In December Conradi, a 20-year-old college student, bought a foreclosed two-bedroom condo near Northeastern Illinois University, where she will be transferring in the fall. Her total monthly payment on the condo is $722—about half the cost of renting a two-bedroom apartment in the neighborhood. And after graduation, Conradi will have an asset that she ought to have no problem selling or renting at a competitive advantage to students from Northeastern and North Park University, which are both only a few blocks from the condo.

Conradi (who is the niece of Tom Conradi, the advertising director at Chicago) says that she had no plans to buy a condo until her mother, a real-estate appraiser, suggested she check out foreclosures along with apartments while preparing for her imminent switch to Northeastern from the two-year College of Lake County. Working with an agent, Violet Jaworska of Dream Town, she found ten foreclosures in approximately the area she wanted, all in the price range of $50,000 to $100,000. The one she ultimately bought “blew all the others out of the water,” she says. While other condos were missing appliances or had trashed bathrooms and windows, this one had everything intact and in good shape. It’s a two-bedroom condo with about 1,000 square feet of space on a quiet street with parks, a bike path, and a footbridge over the North Branch of the Chicago River nearby.

The foreclosed owner had paid $219,500 for the condo in 2006, when the vintage building was rehabbed and converted from rentals to condos. Conradi got it for $75,000. Her monthly mortgage payment is $341, but with assessments and property taxes, her total monthly outlay is $722. She will get the $8,000 income tax credit available to first-time homebuyers—which is more than the $7,500 needed for a down payment of 10 percent on Conradi’s condo. (Conradi paid the down payment from her own savings, but she declined to say how much money she put down.)

Conradi hadn’t known about the tax credit until her mother and her mortgage broker, Tracy Flanagan of Wintrust, brought it up. “I’m going to save so much money by the time I’m 25, I’m like ecstatic,” Conradi says. “It doesn’t make sense to rent if you can do this.”

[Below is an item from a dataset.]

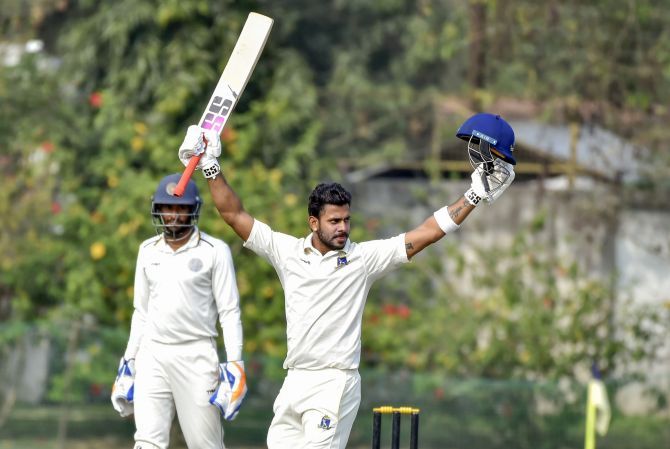 Bengal's Manoj Tiwary celebrates after scoring 300 against Hyderabad on Day 2 day of their Ranji Trophy match, at Kalyani, West Bengal on Monday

Conradi says she understood that, as a college student with a part-time job and a limited credit record, she was not a shoo-in for a mortgage. But Flanagan found a loan program that would work for her. “Everybody really wanted to help me make this work,” she says. And Conradi kept looking for bargains: After her attorney, Ziggy Kois, negotiated a $5,600 credit from the seller, LaSalle Bank, for tuck pointing the building’s exterior, she nudged him to give her a discount price for his services.

At the closing, Violet Jaworska, Conradi’s real estate agent, gave her a bottle of champagne, a customary gift from real-estate agents. Trouble is, Conradi’s not yet of legal age to drink it.